▶ **EXERCISE DIRECTIONS**: Go through the listing that follows and write it out exactly. Drop the pictures.
LISTED ENTRIES Start Marker
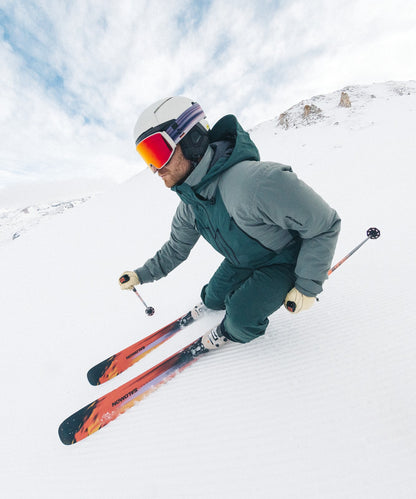 STANCE PRO 96 Alpine Skis - All-Mountain - Unisex | Salomon Latest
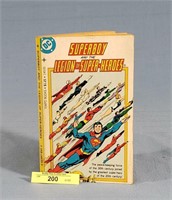 1977 Super Boy & Legion Of Heros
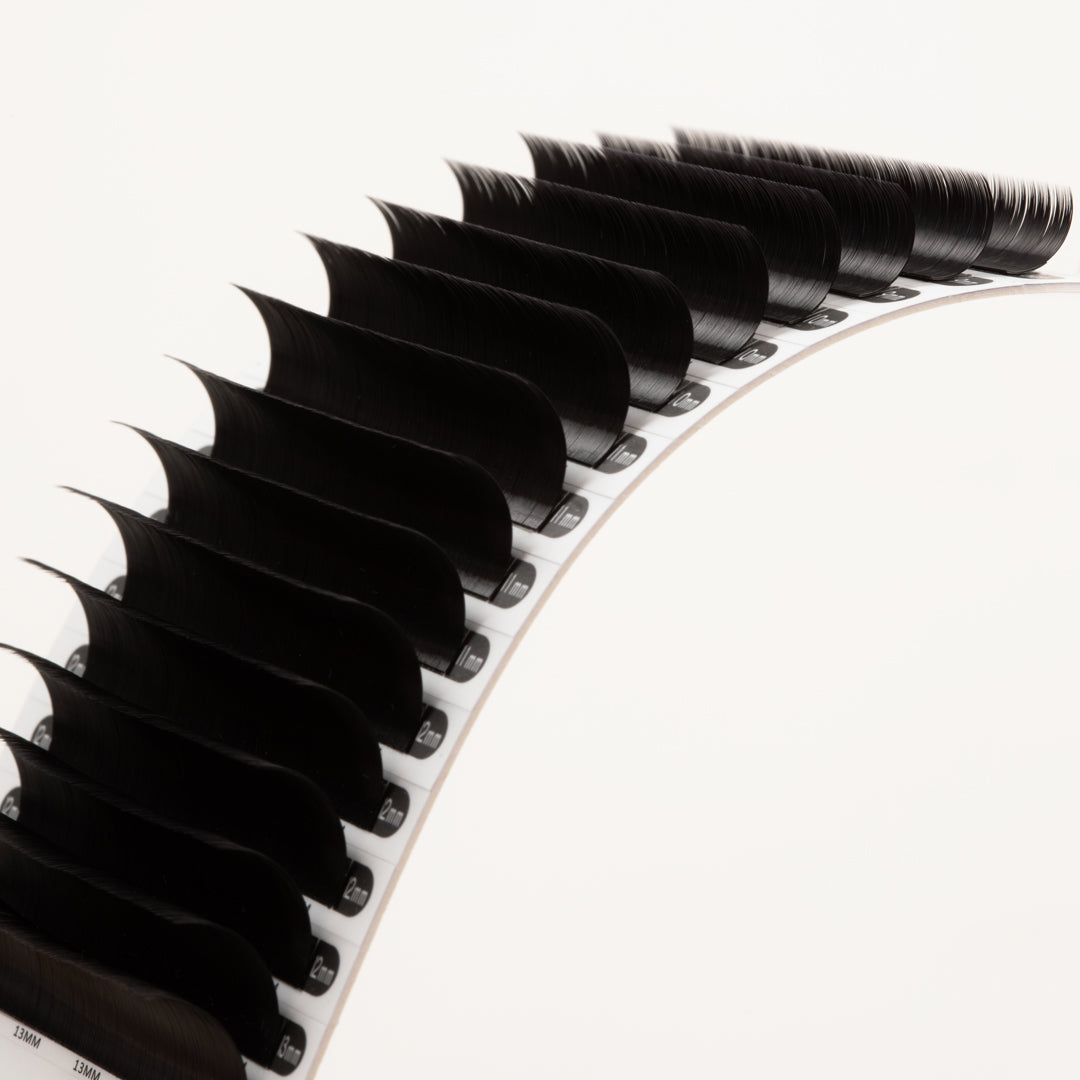 Pestañas Mayfair de Visón Sintético (Volumen/Clásicas) 0.10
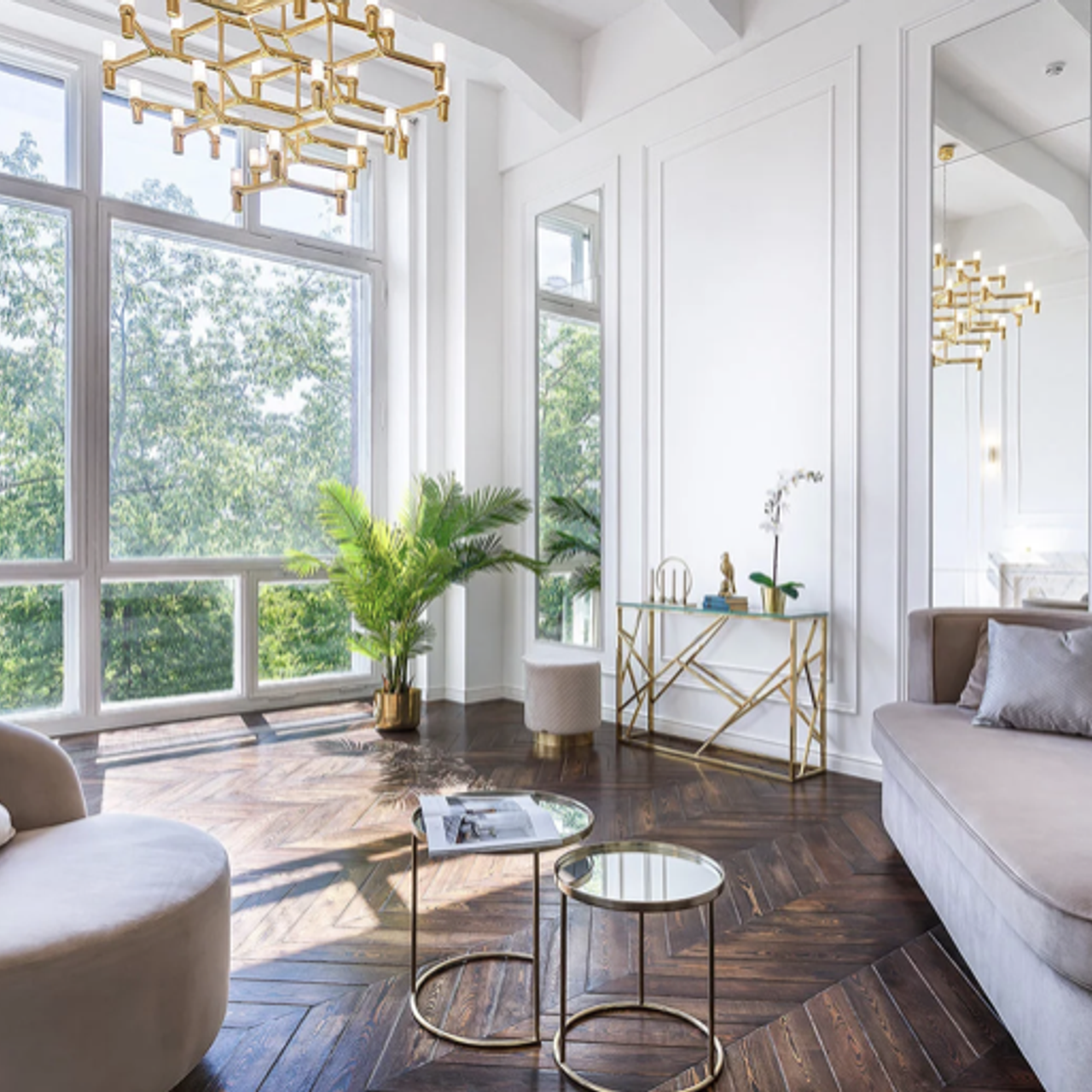 Lion — Зал Gold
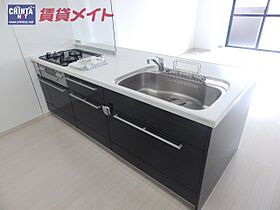 プロミネント四日市 104 ｜ 三重県四日市市大字末永（賃貸マンション3LDK・1階・71.91㎡） その4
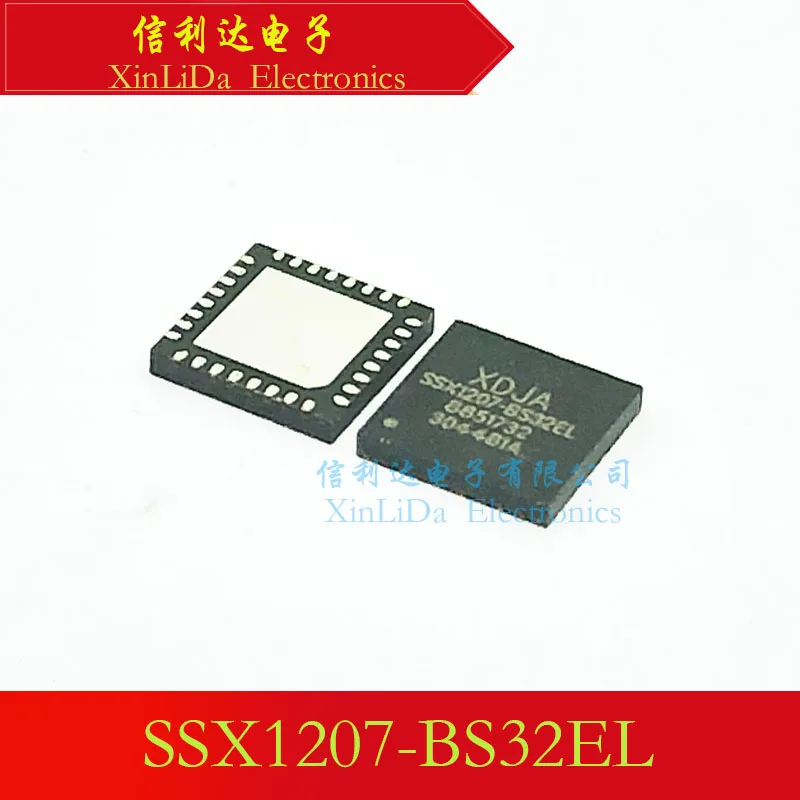 SSX1207-BS32EL SSX1207 QFN32 Integrated circuit chip New and original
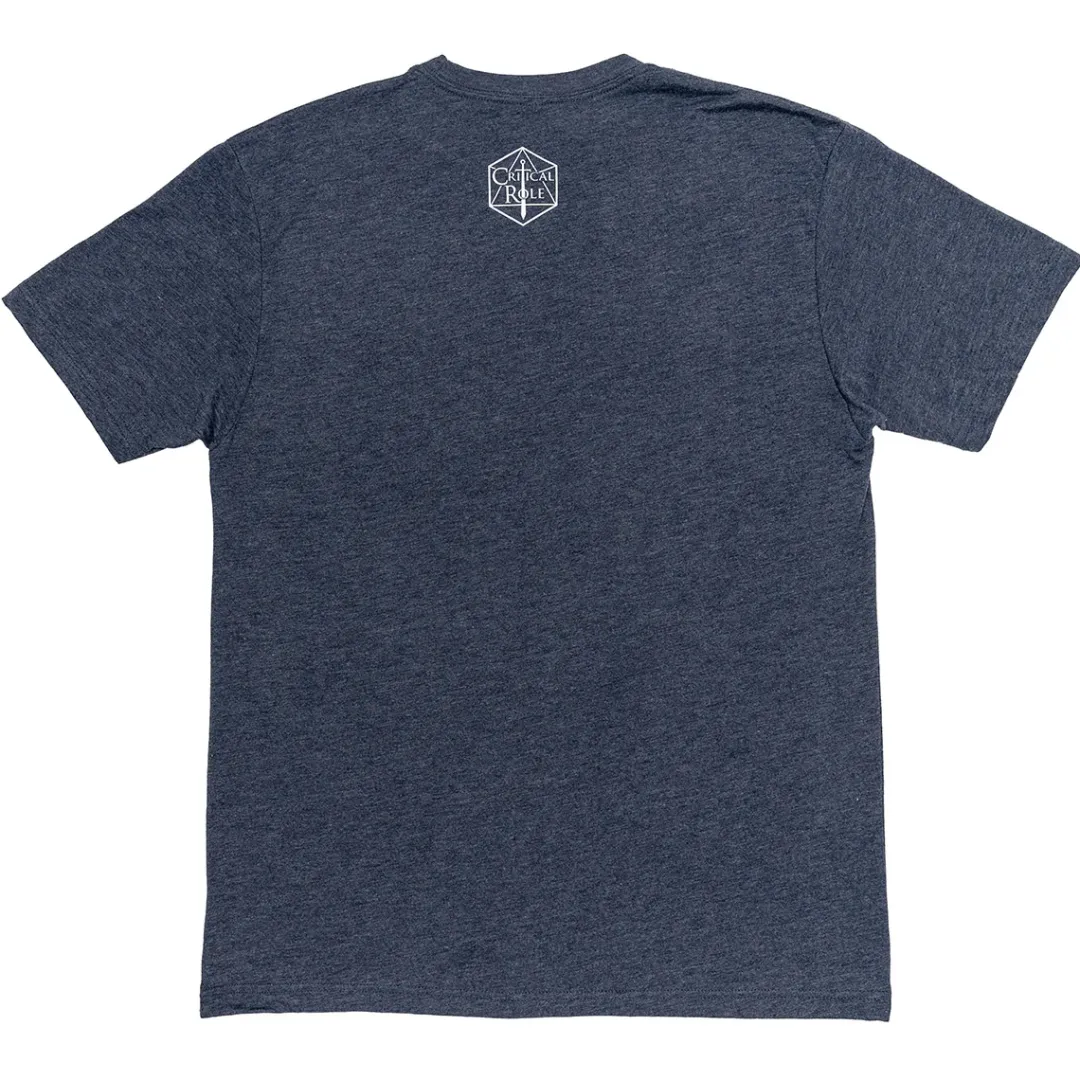 Critical Role Foundation T-Shirt- T-shirts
LISTED ENTRIES End Marker
▶ **WRITTEN RESPONSE**:
 STANCE PRO 96 Alpine Skis - All-Mountain - Unisex | Salomon Latest
 1977 Super Boy & Legion Of Heros
 Pestañas Mayfair de Visón Sintético (Volumen/Clásicas) 0.10
 Lion — Зал Gold
 プロミネント四日市 104 ｜ 三重県四日市市大字末永（賃貸マンション3LDK・1階・71.91㎡） その4
 SSX1207-BS32EL SSX1207 QFN32 Integrated circuit chip New and original
 Critical Role Foundation T-Shirt- T-shirts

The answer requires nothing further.